Exercise directions: Pictures are to be omitted, and every entry below is to be restated exactly.

Data records:
━━━━

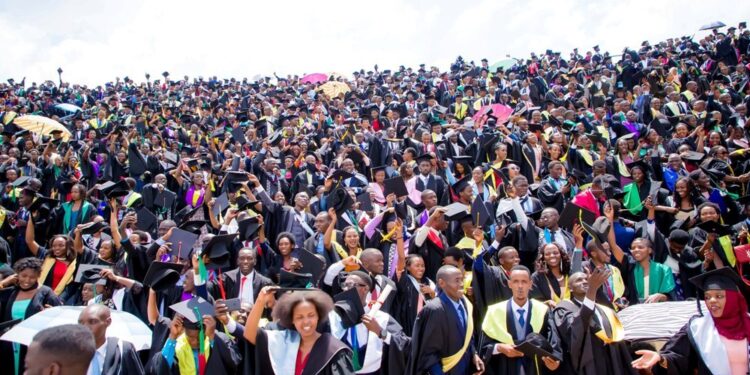 Impungenge ku barangiza kaminuza n’amashuri makuru mu Rwanda bafite ubumenyi ‘bucagase’
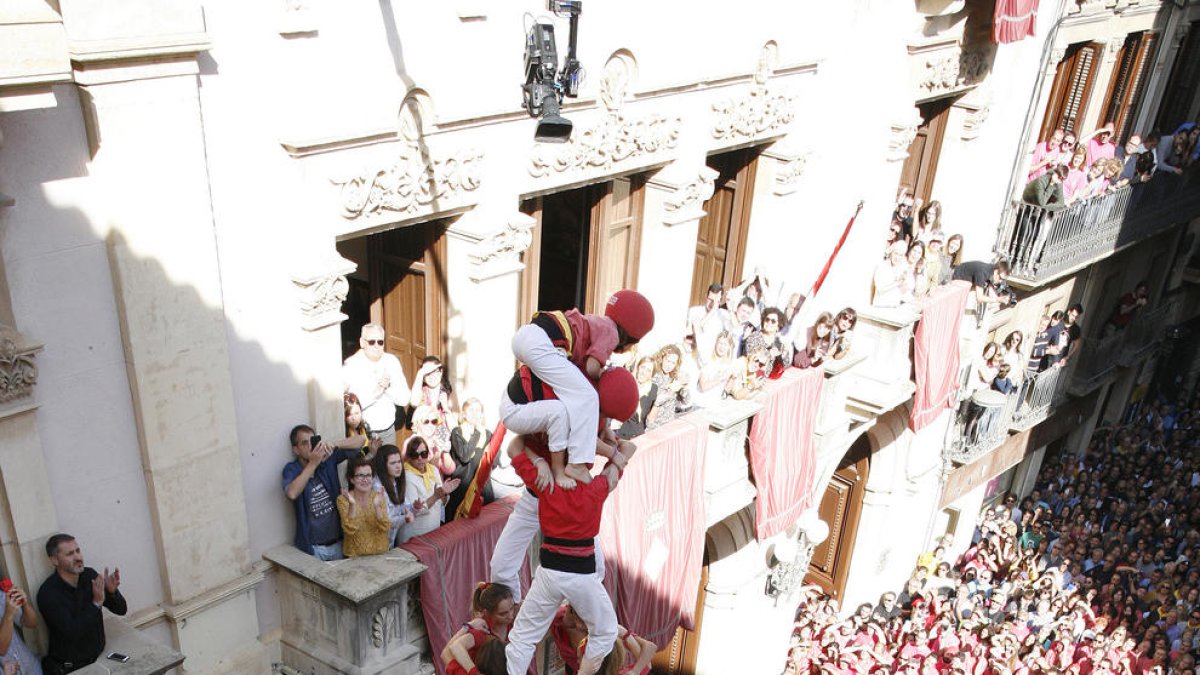 Explosió castellera i de cultura popular per la Fira de Santa Úrsula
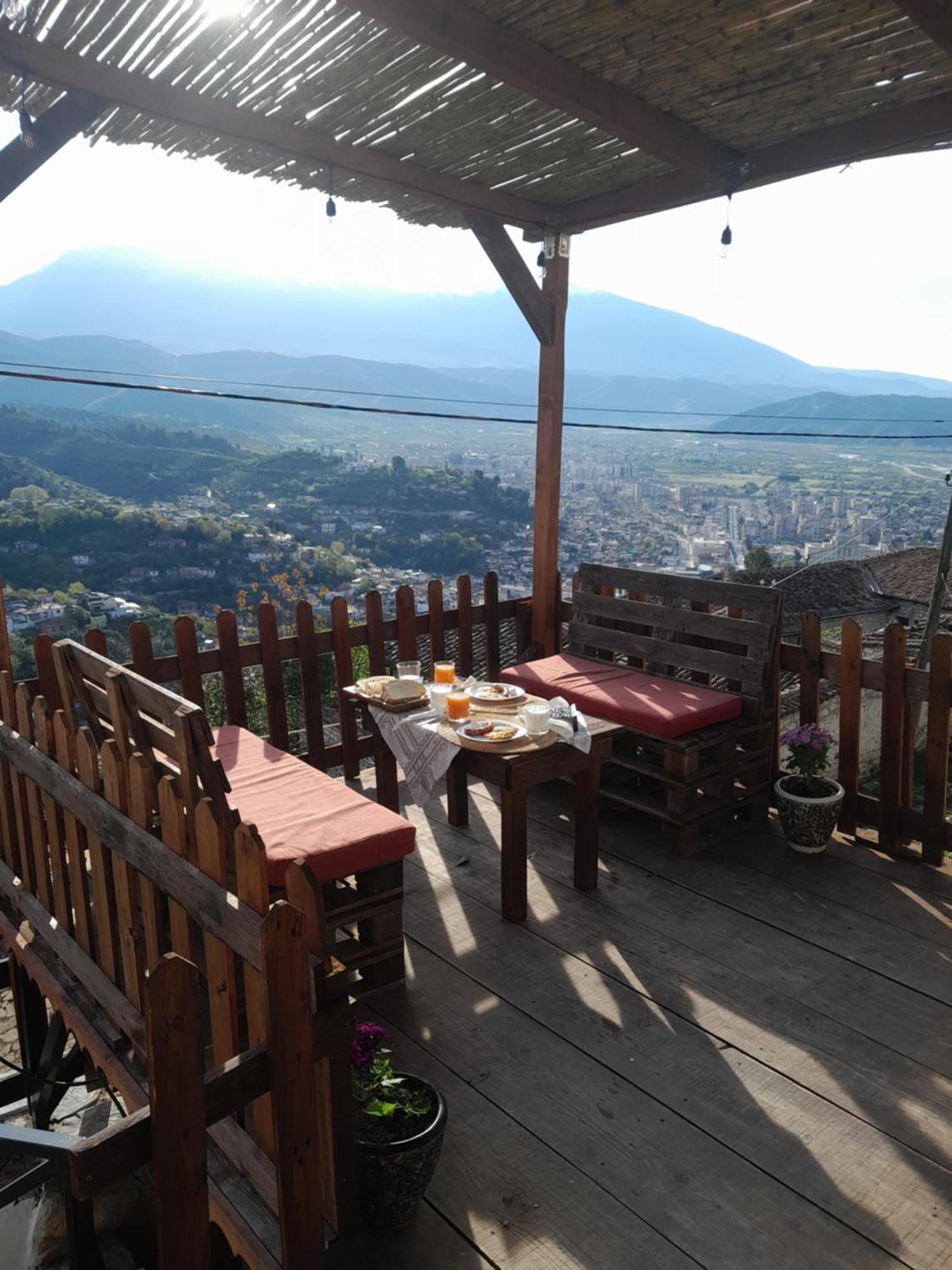 Guest House Maria - Berat Castle Екстер'єр фото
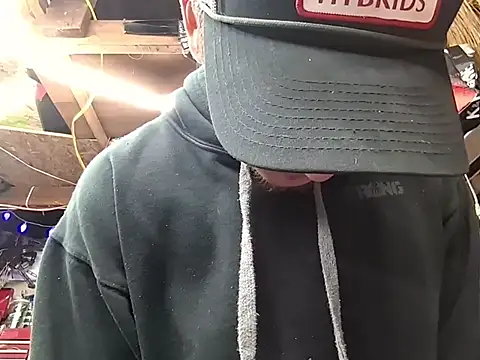 twistafatpipe online show from 28, 2, 2026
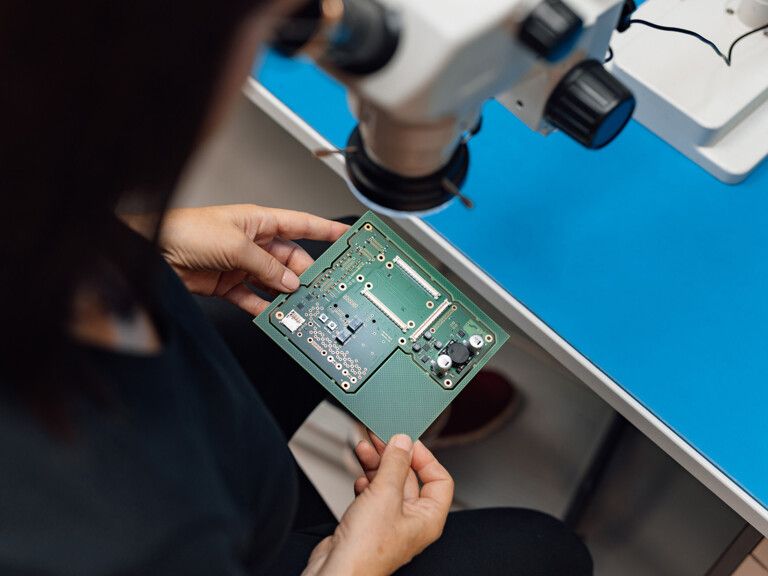 Blick in die Leiterplatten-Bestückung bei hema electronic 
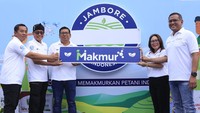 Direktur Utama PT Pupuk Indonesia (Persero) Rahmad Pribadi (kiri) bersama Asisten Deputi Bidang Industri Pangan dan Pupuk Kementerian BUMN Zuryati Simbolon (kedua kanan) dan Kepala Badan Pangan Nasional Arief Prasetyo Hadi (kanan), melantik para mahasiswa untuk menjadi Taruna Makmur yang akan memberikan pendampingan kepada para petani, dalam Jambore Makmur, di Cikampek, Jawa Barat. Direktur Utama PT Pupuk Indonesia (Persero) Rahmad Pribadi (kiri) bersama Asisten Deputi Bidang Industri Pangan dan Pupuk Kementerian BUMN Zuryati Simbolon (kedua kanan) dan Kepala Badan Pangan Nasional Arief Prasetyo Hadi (kanan), melantik para mahasiswa untuk menjadi Taruna Makmur yang akan memberikan pendampingan kepada para petani, dalam Jambore Makmur, di Cikampek, Jawa Barat.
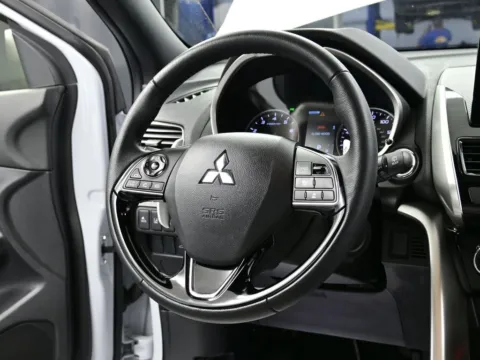 More photos of 2024 Mitsubishi Eclipse Cross SEL at Dorsett Nissan, IN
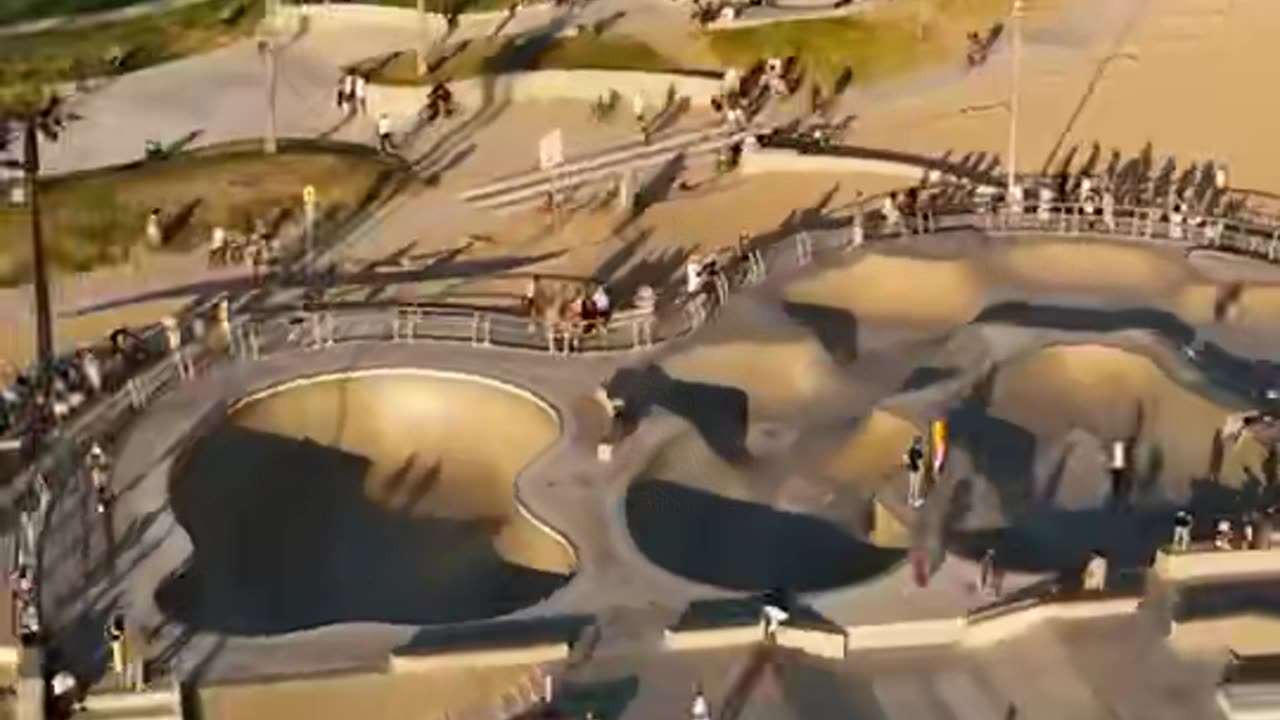 The Flying Felon - Trailer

━━━━

Expected answer:
 Impungenge ku barangiza kaminuza n’amashuri makuru mu Rwanda bafite ubumenyi ‘bucagase’
 Explosió castellera i de cultura popular per la Fira de Santa Úrsula
 Guest House Maria - Berat Castle Екстер'єр фото
 twistafatpipe online show from 28, 2, 2026
 Blick in die Leiterplatten-Bestückung bei hema electronic 
 Direktur Utama PT Pupuk Indonesia (Persero) Rahmad Pribadi (kiri) bersama Asisten Deputi Bidang Industri Pangan dan Pupuk Kementerian BUMN Zuryati Simbolon (kedua kanan) dan Kepala Badan Pangan Nasional Arief Prasetyo Hadi (kanan), melantik para mahasiswa untuk menjadi Taruna Makmur yang akan memberikan pendampingan kepada para petani, dalam Jambore Makmur, di Cikampek, Jawa Barat. Direktur Utama PT Pupuk Indonesia (Persero) Rahmad Pribadi (kiri) bersama Asisten Deputi Bidang Industri Pangan dan Pupuk Kementerian BUMN Zuryati Simbolon (kedua kanan) dan Kepala Badan Pangan Nasional Arief Prasetyo Hadi (kanan), melantik para mahasiswa untuk menjadi Taruna Makmur yang akan memberikan pendampingan kepada para petani, dalam Jambore Makmur, di Cikampek, Jawa Barat.
 More photos of 2024 Mitsubishi Eclipse Cross SEL at Dorsett Nissan, IN
 The Flying Felon - Trailer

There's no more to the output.